## Task item
From the entries below, transcribe exactly the lines between the line holding "Foto del edificio - 16881 Davis Rd" and the line holding "Keris-Keris Sakti Dimandikan, Solo", inclusive; skip all other lines.

## Records provided

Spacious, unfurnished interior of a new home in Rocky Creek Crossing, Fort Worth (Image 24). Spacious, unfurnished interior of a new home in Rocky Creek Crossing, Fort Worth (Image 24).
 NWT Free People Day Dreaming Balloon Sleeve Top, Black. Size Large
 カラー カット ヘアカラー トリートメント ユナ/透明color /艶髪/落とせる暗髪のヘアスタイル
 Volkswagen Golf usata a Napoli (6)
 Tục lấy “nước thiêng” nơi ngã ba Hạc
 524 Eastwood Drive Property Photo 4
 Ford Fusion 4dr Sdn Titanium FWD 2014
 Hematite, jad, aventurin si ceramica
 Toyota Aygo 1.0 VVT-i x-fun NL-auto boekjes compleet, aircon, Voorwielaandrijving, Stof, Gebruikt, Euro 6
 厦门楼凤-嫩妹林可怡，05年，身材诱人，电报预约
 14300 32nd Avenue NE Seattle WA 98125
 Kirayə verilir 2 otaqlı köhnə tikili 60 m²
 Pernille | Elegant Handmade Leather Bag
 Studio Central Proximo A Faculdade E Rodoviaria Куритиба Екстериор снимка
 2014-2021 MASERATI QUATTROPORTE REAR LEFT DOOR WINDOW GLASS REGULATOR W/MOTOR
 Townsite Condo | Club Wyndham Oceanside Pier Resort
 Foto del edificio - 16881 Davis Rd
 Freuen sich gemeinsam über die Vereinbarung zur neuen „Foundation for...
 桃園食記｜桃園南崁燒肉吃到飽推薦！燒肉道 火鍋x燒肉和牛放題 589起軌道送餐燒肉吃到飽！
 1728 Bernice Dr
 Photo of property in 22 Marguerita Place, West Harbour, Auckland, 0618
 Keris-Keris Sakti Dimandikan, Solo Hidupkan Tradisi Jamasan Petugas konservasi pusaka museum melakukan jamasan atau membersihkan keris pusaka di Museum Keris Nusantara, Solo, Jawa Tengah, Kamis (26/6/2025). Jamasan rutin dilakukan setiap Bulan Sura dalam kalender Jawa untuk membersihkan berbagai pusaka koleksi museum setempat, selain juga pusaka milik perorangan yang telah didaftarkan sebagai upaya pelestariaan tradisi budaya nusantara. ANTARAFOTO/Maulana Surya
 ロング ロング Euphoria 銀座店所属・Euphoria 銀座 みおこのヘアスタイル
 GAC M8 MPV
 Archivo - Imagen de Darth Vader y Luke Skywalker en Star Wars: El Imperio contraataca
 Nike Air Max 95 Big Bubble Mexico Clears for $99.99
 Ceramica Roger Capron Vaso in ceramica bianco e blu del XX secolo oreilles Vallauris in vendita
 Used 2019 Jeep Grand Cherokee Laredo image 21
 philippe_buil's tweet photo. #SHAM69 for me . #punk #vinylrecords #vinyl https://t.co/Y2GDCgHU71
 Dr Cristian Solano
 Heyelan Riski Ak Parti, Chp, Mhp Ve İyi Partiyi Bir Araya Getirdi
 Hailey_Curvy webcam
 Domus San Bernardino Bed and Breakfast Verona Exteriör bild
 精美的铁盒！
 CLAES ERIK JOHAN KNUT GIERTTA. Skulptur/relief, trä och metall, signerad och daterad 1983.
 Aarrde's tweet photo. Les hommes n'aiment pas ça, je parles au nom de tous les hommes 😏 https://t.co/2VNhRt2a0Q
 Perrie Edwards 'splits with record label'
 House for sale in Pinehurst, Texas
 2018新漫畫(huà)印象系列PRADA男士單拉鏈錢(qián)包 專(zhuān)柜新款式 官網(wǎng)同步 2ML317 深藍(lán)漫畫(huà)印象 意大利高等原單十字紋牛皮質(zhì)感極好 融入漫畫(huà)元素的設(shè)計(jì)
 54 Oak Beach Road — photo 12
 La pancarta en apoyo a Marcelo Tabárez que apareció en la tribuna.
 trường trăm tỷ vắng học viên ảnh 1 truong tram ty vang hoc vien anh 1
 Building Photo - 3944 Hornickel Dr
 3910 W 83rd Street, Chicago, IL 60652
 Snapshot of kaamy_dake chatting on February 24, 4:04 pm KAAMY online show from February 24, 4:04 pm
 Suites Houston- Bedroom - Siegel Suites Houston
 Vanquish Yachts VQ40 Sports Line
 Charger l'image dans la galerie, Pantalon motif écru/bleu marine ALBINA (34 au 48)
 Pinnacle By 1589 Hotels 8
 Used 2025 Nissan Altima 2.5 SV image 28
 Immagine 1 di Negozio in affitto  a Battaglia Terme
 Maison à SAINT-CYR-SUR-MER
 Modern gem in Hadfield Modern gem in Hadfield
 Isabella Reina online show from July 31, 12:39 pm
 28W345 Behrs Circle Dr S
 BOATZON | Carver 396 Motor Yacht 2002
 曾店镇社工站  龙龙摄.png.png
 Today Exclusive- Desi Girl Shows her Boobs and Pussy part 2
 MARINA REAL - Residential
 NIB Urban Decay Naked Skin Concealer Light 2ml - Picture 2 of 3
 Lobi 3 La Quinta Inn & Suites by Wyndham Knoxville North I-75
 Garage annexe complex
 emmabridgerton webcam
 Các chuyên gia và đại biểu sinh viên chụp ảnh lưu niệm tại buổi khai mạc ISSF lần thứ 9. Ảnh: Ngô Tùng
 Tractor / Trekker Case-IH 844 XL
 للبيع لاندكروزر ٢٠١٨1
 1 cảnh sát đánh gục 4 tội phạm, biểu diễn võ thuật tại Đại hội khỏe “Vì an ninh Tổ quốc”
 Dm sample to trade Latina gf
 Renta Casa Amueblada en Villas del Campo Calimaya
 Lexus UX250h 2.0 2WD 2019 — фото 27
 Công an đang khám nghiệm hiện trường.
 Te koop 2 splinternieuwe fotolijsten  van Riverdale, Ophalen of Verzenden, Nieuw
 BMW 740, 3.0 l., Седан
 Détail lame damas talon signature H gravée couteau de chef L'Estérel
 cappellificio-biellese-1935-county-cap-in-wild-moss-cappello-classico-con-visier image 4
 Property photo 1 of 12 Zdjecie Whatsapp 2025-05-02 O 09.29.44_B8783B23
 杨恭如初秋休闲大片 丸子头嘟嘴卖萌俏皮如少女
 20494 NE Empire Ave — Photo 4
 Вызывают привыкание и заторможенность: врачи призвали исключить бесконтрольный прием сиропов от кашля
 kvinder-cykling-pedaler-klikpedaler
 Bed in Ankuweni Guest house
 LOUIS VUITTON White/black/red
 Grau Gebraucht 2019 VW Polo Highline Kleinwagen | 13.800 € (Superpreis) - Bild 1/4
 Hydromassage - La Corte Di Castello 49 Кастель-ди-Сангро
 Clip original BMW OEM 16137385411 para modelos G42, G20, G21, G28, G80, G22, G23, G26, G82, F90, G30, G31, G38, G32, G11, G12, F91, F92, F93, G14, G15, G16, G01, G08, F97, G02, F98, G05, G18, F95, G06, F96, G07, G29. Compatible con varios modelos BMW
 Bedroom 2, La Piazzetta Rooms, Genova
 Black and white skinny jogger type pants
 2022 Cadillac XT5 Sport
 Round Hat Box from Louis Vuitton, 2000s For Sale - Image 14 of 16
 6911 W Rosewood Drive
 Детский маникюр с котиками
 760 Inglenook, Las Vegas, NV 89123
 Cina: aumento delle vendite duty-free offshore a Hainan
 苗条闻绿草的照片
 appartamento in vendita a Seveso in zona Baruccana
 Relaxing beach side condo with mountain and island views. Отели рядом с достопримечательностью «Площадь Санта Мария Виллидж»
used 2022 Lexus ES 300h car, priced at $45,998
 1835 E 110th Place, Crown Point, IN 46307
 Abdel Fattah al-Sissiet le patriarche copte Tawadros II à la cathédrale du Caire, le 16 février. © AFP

## Completed exercise
 Foto del edificio - 16881 Davis Rd
 Freuen sich gemeinsam über die Vereinbarung zur neuen „Foundation for...
 桃園食記｜桃園南崁燒肉吃到飽推薦！燒肉道 火鍋x燒肉和牛放題 589起軌道送餐燒肉吃到飽！
 1728 Bernice Dr
 Photo of property in 22 Marguerita Place, West Harbour, Auckland, 0618
 Keris-Keris Sakti Dimandikan, Solo Hidupkan Tradisi Jamasan Petugas konservasi pusaka museum melakukan jamasan atau membersihkan keris pusaka di Museum Keris Nusantara, Solo, Jawa Tengah, Kamis (26/6/2025). Jamasan rutin dilakukan setiap Bulan Sura dalam kalender Jawa untuk membersihkan berbagai pusaka koleksi museum setempat, selain juga pusaka milik perorangan yang telah didaftarkan sebagai upaya pelestariaan tradisi budaya nusantara. ANTARAFOTO/Maulana Surya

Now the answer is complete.